Training Hip Mobility Pre and Postpartum

Mobility is the body's ability to move freely. It's more than being stretchy and flexy; it means moving well and with minimal difficulty.
Appropriate Muscle Strength + Full Range of Motion + High Endurance Capacity = Awesome Mobility
Pregnant or just given birth? Chances are, moving may have become a bit more cumbersome.
Why?
No matter how awesome your mobility levels were, the physical changes experienced pre and postpartum can take their toll.
After all, during pregnancy, the body must make room for the baby. The angle of the ribs will change, and the hips will lend towards a more external rotation. Moreover, the pelvic floor connects with the hip bones, altering how weight gets distributed across the feet.
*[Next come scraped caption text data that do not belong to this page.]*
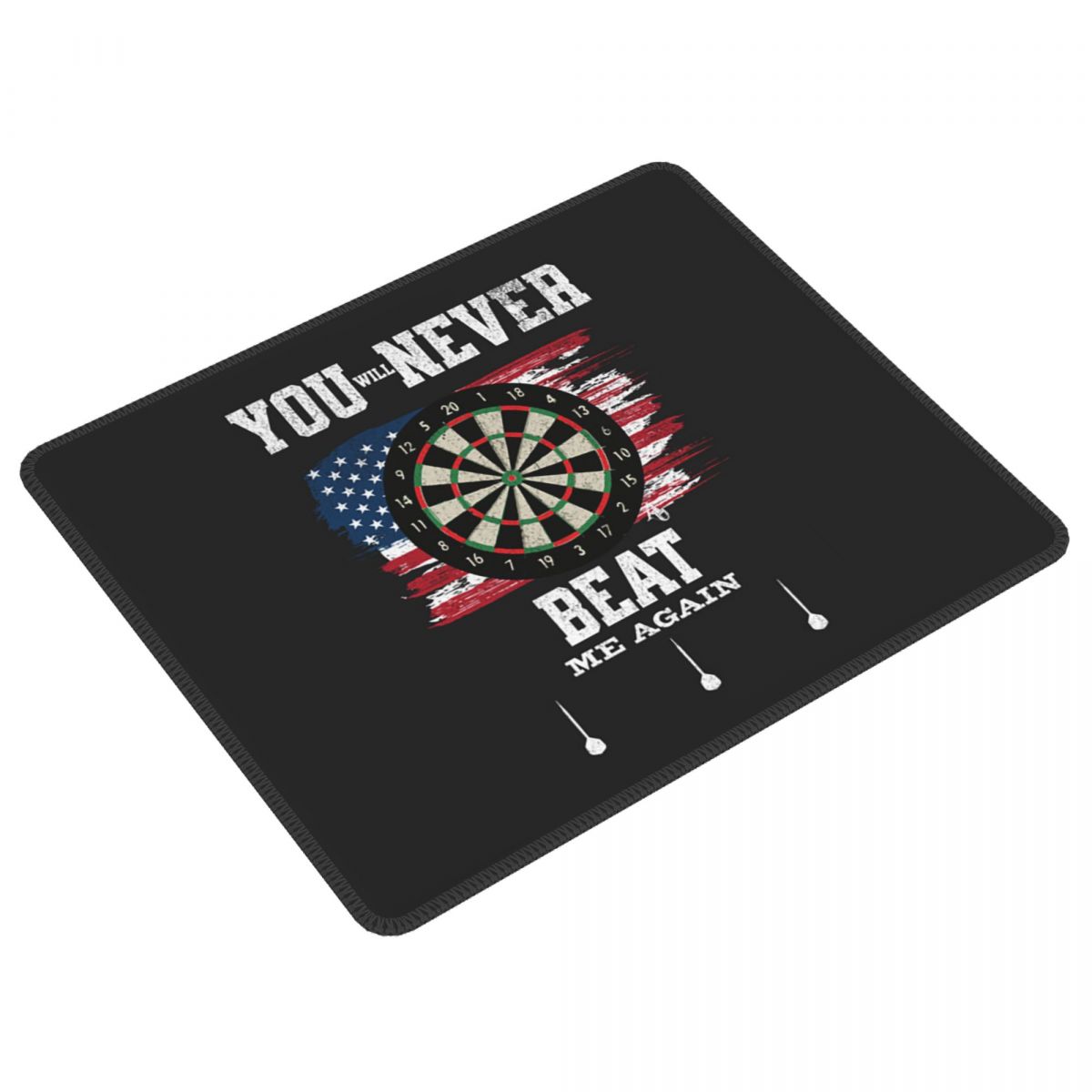 Multi-size Mouse Pad Dart Boar - Gaming Accessories Target recension och pris
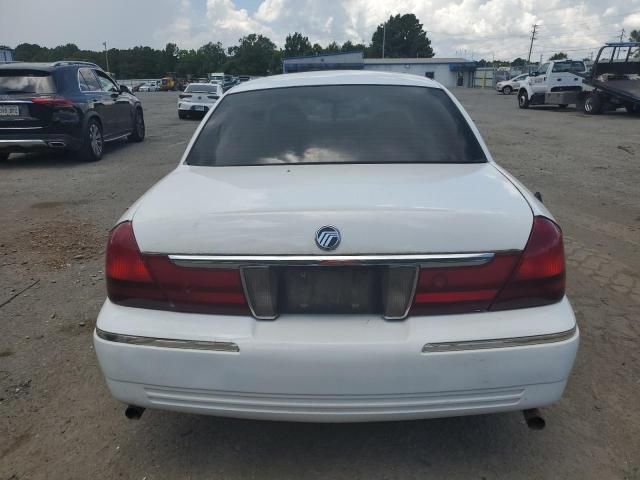 2005 Mercury Grand Marquis GS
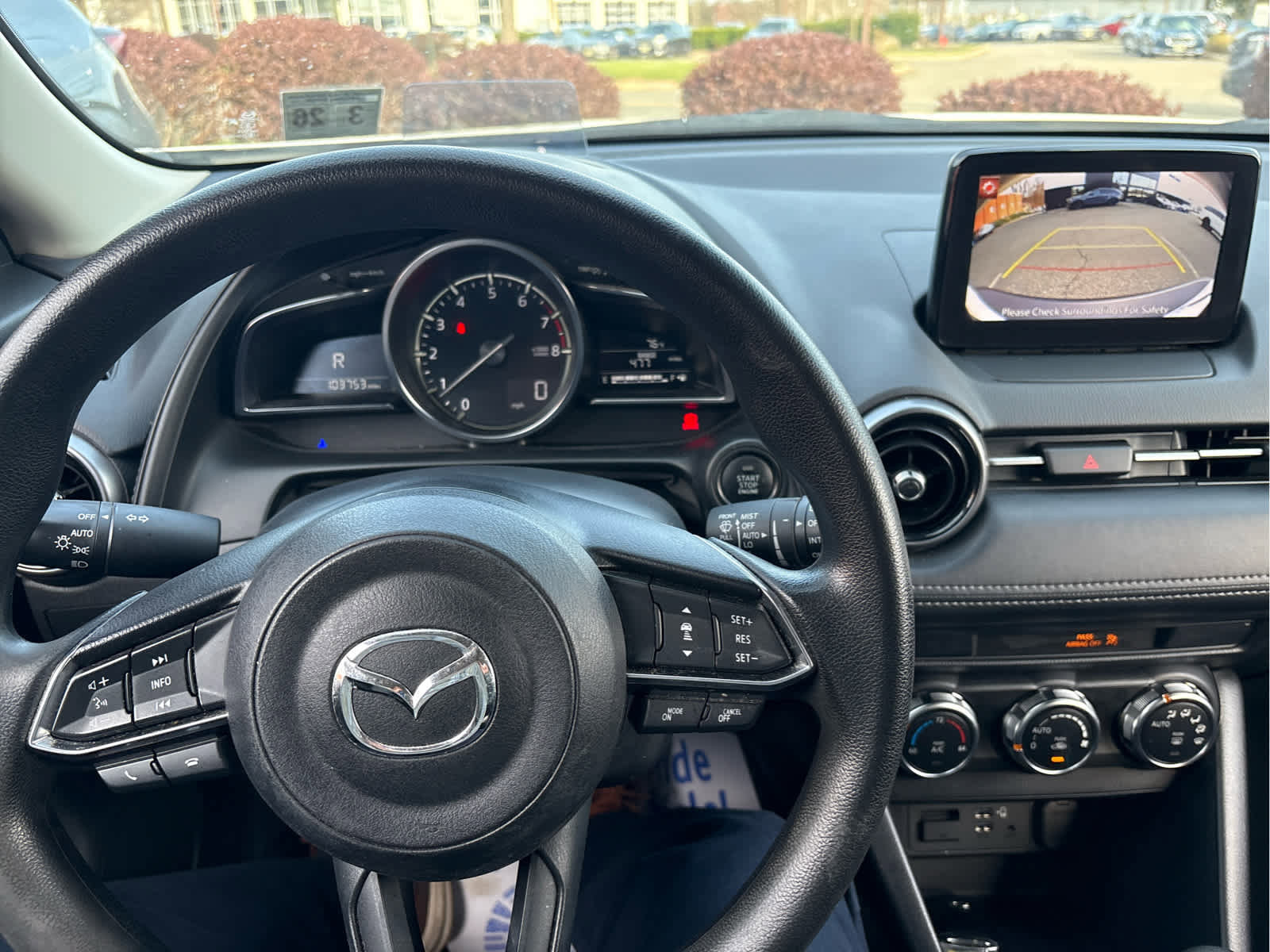 Used 2021 MAZDA CX-3 Sport image 8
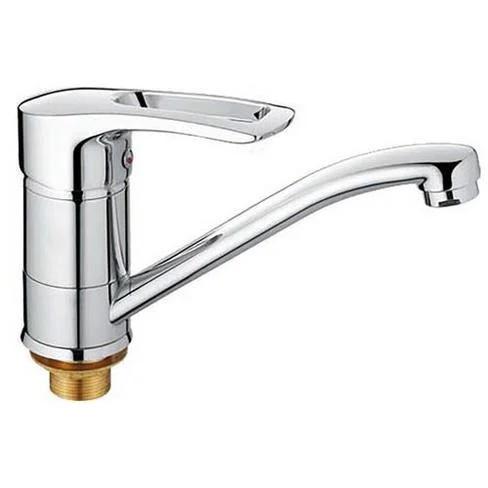 Смеситель для кухни Frap F4566-2 Хром (1034168)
Everything affects everything, and these significant changes in the muscles surrounding the hips can lead to imbalances and discomfort.
When working with pre and postpartum clients experiencing hip mobility issues, I always emphasise increasing their internal hip mobility.
If you decide to work on your mobility, you must understand that you may need assistance when moving into certain positions. That's why you want to regress to the appropriate scaling option. Adding a yoga block or a bench will help you decrease the range of movement required. Another great way to add tension without overloading your body is by using bands.
There's no "one size fits all approach" to your pre and postpartum needs.
After all, both your body and your pregnancy are unique to you.